Dataset excerpts
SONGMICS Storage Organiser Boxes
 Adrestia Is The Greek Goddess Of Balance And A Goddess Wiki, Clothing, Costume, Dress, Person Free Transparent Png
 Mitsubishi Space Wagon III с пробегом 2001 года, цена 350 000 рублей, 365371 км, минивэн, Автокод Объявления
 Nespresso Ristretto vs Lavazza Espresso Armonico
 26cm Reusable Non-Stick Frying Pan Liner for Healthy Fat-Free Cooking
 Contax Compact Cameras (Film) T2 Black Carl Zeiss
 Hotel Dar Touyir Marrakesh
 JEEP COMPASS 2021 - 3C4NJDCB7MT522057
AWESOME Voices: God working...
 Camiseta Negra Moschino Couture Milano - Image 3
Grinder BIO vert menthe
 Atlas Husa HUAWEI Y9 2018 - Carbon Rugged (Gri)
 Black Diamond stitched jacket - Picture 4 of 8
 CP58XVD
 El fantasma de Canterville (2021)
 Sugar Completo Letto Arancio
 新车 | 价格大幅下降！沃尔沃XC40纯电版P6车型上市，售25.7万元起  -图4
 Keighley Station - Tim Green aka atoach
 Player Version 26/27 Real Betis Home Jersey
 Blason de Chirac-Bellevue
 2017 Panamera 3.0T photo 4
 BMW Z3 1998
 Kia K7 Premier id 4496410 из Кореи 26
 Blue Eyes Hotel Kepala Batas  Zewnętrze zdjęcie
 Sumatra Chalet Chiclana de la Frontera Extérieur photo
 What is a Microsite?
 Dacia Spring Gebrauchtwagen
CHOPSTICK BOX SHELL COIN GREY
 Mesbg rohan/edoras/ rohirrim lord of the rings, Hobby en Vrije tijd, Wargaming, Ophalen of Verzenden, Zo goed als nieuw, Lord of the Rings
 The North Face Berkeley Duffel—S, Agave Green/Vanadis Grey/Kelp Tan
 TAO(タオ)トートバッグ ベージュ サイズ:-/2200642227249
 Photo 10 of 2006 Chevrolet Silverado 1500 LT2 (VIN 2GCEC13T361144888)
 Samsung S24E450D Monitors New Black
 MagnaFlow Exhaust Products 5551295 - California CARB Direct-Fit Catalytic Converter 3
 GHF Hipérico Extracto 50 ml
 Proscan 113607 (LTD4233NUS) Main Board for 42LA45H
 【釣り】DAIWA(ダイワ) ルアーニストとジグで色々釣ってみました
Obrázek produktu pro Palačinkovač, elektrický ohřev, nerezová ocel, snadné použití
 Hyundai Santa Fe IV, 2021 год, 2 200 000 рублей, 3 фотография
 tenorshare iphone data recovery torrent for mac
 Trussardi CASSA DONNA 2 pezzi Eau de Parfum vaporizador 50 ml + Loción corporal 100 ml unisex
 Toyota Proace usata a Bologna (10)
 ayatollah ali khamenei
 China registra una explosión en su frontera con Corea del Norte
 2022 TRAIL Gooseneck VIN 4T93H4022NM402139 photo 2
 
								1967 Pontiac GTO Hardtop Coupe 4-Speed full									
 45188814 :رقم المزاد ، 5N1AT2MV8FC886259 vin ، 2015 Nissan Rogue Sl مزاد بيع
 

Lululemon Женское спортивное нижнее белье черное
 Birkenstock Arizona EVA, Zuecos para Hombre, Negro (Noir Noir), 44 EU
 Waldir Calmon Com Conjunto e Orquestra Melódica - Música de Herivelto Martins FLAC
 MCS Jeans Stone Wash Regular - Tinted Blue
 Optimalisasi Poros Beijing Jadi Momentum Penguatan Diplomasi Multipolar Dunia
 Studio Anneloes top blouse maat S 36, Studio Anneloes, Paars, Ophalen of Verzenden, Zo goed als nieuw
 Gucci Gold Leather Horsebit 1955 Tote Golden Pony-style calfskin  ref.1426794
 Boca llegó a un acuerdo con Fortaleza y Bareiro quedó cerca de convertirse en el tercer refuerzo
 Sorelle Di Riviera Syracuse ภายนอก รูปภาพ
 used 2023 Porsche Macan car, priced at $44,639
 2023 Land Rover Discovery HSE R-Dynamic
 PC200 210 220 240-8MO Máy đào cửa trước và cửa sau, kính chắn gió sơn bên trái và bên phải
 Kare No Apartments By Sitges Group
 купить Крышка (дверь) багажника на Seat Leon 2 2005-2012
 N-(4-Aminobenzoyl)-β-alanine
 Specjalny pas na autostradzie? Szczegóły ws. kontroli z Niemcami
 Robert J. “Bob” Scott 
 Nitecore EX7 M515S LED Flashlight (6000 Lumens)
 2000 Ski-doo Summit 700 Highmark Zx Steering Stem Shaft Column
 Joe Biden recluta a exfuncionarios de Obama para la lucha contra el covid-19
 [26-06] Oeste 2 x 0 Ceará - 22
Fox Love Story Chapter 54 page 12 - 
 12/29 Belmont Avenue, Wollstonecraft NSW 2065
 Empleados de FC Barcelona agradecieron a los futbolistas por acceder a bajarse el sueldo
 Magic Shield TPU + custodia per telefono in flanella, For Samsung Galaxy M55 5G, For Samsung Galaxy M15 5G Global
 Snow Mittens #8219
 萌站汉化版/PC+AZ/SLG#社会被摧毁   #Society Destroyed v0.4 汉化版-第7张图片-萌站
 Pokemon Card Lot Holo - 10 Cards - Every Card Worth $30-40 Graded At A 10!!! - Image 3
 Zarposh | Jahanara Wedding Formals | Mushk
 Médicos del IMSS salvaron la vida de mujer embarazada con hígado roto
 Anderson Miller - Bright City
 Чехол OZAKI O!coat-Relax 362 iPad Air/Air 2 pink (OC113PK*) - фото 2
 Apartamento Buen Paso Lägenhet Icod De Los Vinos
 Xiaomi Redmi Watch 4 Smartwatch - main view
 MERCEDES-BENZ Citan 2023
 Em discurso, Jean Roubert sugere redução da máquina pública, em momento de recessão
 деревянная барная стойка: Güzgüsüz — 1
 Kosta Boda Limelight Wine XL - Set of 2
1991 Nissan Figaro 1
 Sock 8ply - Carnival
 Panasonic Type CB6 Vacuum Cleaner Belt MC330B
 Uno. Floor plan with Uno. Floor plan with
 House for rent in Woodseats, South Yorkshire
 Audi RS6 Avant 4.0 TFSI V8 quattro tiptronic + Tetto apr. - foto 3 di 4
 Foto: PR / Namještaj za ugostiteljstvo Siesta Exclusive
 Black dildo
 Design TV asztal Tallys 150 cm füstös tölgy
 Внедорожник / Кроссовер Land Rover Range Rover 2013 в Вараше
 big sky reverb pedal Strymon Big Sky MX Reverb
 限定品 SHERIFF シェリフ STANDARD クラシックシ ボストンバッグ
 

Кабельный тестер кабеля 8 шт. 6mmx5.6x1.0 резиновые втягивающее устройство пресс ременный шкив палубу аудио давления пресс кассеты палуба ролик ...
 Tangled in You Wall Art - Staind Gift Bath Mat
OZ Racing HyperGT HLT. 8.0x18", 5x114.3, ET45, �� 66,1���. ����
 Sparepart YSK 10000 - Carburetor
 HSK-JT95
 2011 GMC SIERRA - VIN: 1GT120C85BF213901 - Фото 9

Exercise
Return only the part of the records above that opens with the line containing "Panasonic Type CB6" and closes with the line containing "Design TV asztal Tallys 150 cm füstös tölgy", ends included.

Task result
 Panasonic Type CB6 Vacuum Cleaner Belt MC330B
 Uno. Floor plan with Uno. Floor plan with
 House for rent in Woodseats, South Yorkshire
 Audi RS6 Avant 4.0 TFSI V8 quattro tiptronic + Tetto apr. - foto 3 di 4
 Foto: PR / Namještaj za ugostiteljstvo Siesta Exclusive
 Black dildo
 Design TV asztal Tallys 150 cm füstös tölgy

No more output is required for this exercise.